Provincial funding accounts for more than 60 per cent of the university’s total operating budget. After five years of six per cent budget increases, the university was given two years of zero per cent increases from the government’s grant, leaving a $5.1 million deficit to spread out over 2011 and 2012.
When the government released its new budget in Feb. 2012, the U of A received a two per cent increase over the next three years, but since this is still not enough for the institution to break even, the proposed tuition hike for this year may help move the university towards a balanced budget.
“There’s a tuition cap and it restricts the allowable tuition per year to CPI … that uses a metric to measure inflation,” said Students’ Union President Colten Yamagishi.
“The university administration for as long as I can remember has always maximized that tuition increase.”
This tuition cap was implemented by the provincial government in 2006, where the cost was capped at 2004 rates which limited increases to CPI.
“The tuition cap still isn’t holding them back from introducing new market modifiers and mandatory non-instructional fees like the CoSSS fee, so a lot of work still needs to be done to make sure that the tuition cap is actually capped,” Yamagishi said.
“When they max out the tuition increase every year, it kind of takes it off the shoulders for the government for a lot of the funding they’re providing … For (the university), it’s the easy way out (to) charge students more money.”

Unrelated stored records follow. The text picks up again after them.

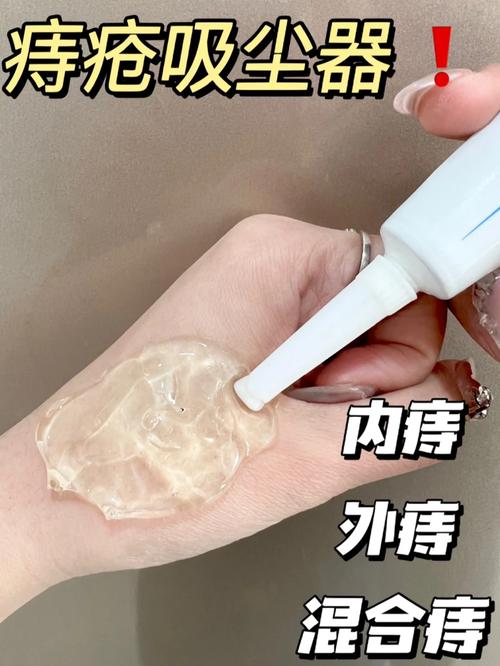 镜子真的能治痔疮吗？专业解答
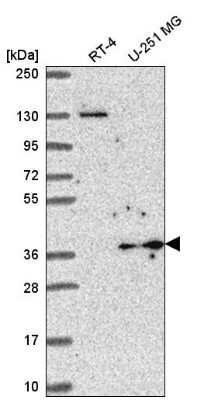 Western Blot: YIPF3 Antibody [NBP2-56181]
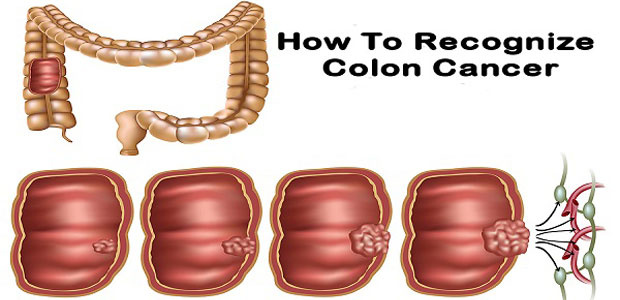 Colon cancer,Symptoms of colon cancer, causes of colon cancer, colon cancer treatment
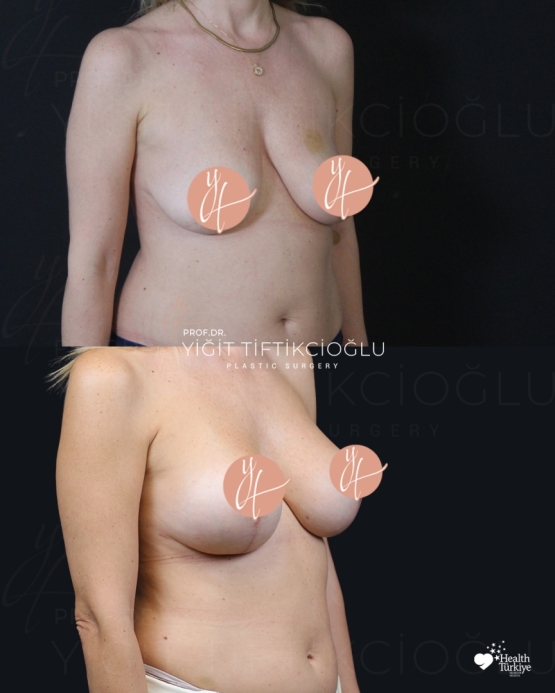Breast Lift (Mastopexy) Before and After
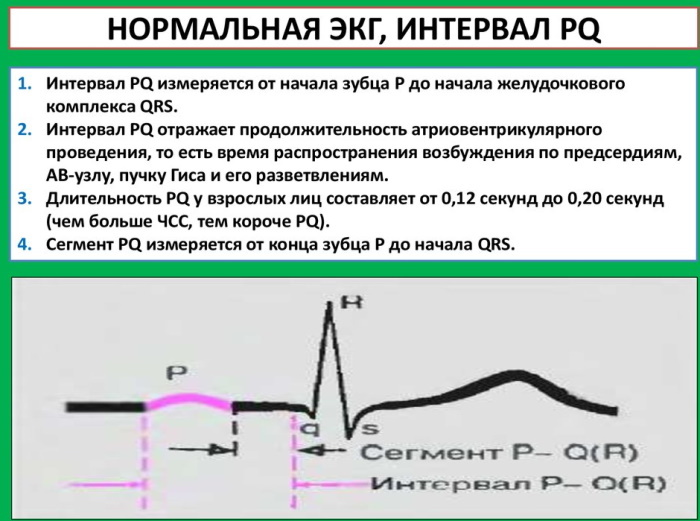 Kaip patiems perskaityti širdies elektrokardiogramą. EKG dekodavimas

In comparison with 15 of some of Canada’s top universities, the average price of tuition at the U of A sits at $55 below the U-15 mean of $5,324 per term based on an Arts program.
U of A Vice-President (Operations and Finance) Phyllis Clark says she believes the proposed increases are a necessary step towards reducing the budget deficit and maintaining high standards of education at the university.

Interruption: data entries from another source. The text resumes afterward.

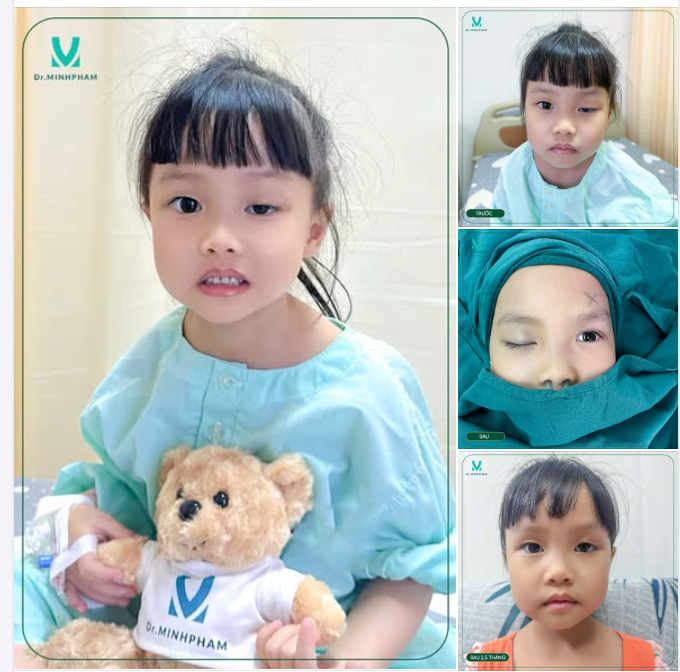 Sau phẫu thuật sụp mi bẩm sinh bằng phương pháp treo mi vạt cơ trán, kết quả thật sự đáng kinh ngạc!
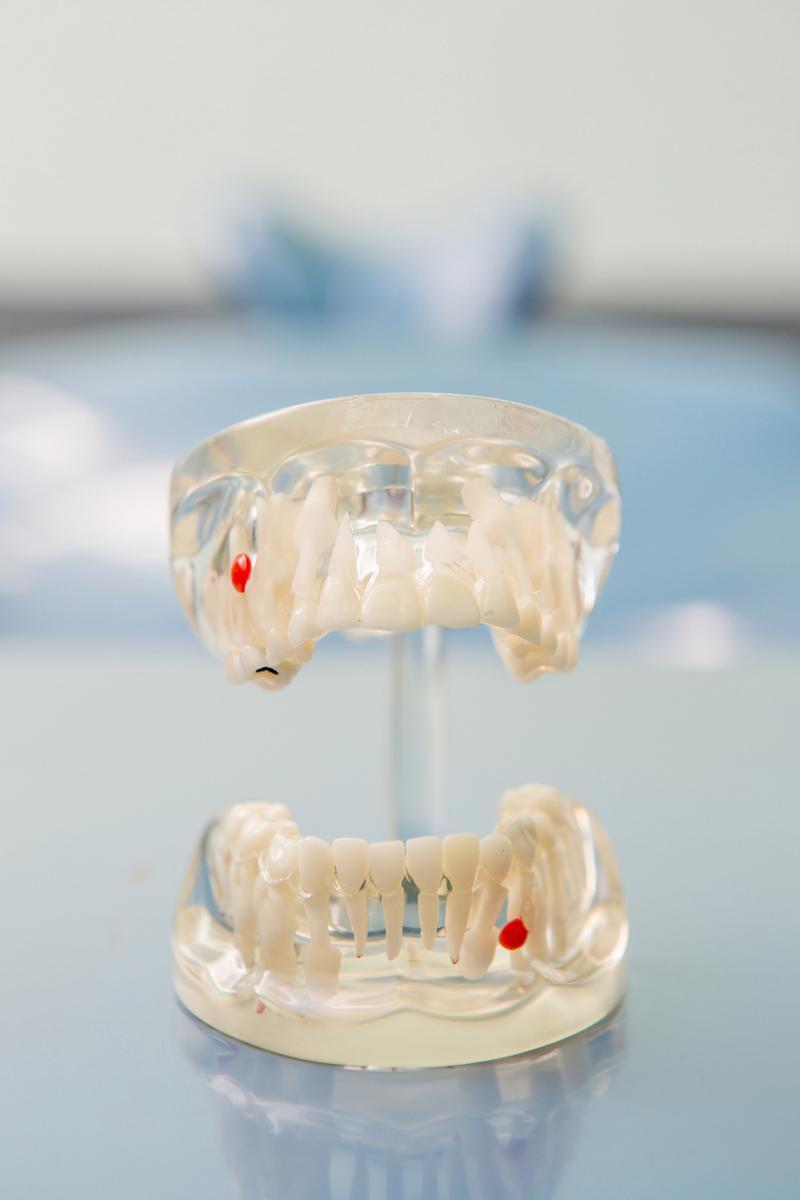 正畸托槽demon-图2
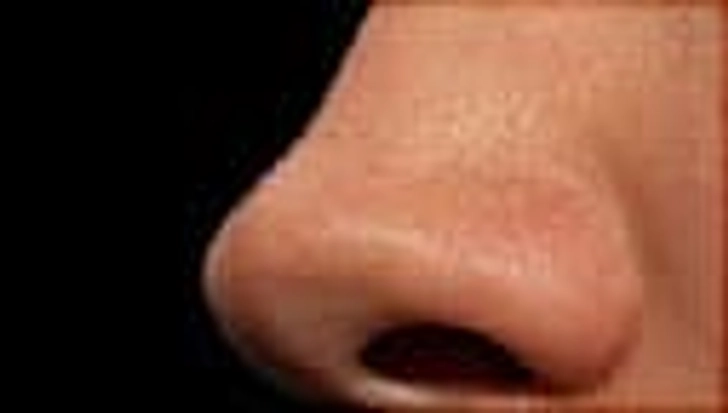 Decreased Sense of Smell: COVID-19 and other infections. Decreased Sense of Smell: COVID-19 and other infections.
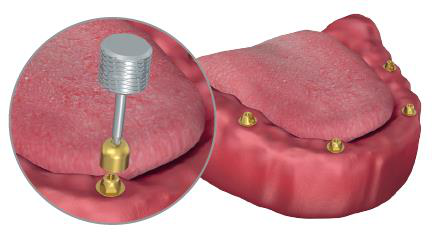 Left: a manual hex key lifting a comfort cap from one multi-unit abutment, shown enlarged in a circle. Right: the lower jaw with the multi-unit abutments in place and the comfort caps removed.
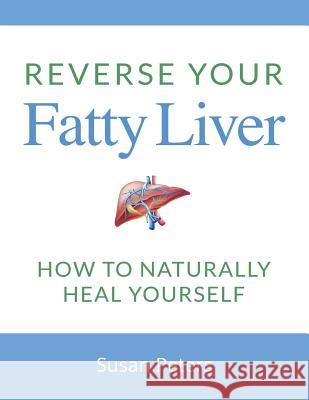 Reverse Your Fatty Liver: How to Naturally Heal Yourself Susan Peters 9781719236638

“It brings in an amount of money that we have no other way of getting, and that makes a difference for what we have to do to support the costs of the institution. And the costs flow through into the quality of education,” Clark said.
Along with the U of A president, acting provost and other staff members, Clark has been continually lobbying the provincial government and holding discussions regarding funding with Alberta’s premier, the Minister of Enterprise and Advanced Education, the Minister of Finance and other key members of government.
“I think that they’re also struggling with the societal balance of who should be paying what,” Clark said.
“I don’t think this government would step out, given that they’ve talked about education being the important aspect of diversification of the economy, and also just the growth of Alberta and the future of Alberta,” Clark said.
The Students’ Union is also concerned about the accessibility and affordability of postsecondary education in Alberta.
“I think that the students here are really mindful of the quality of education that they get and are willing to support that if they think it’s justifiable — just not in the sense of voting for it,” said Clark.
The motion to increase tuition will have to be brought forward to the Academic Planning Committee and Board Finance and Property Committee before being sent to the Board of Governors for final approval by the end of December this year.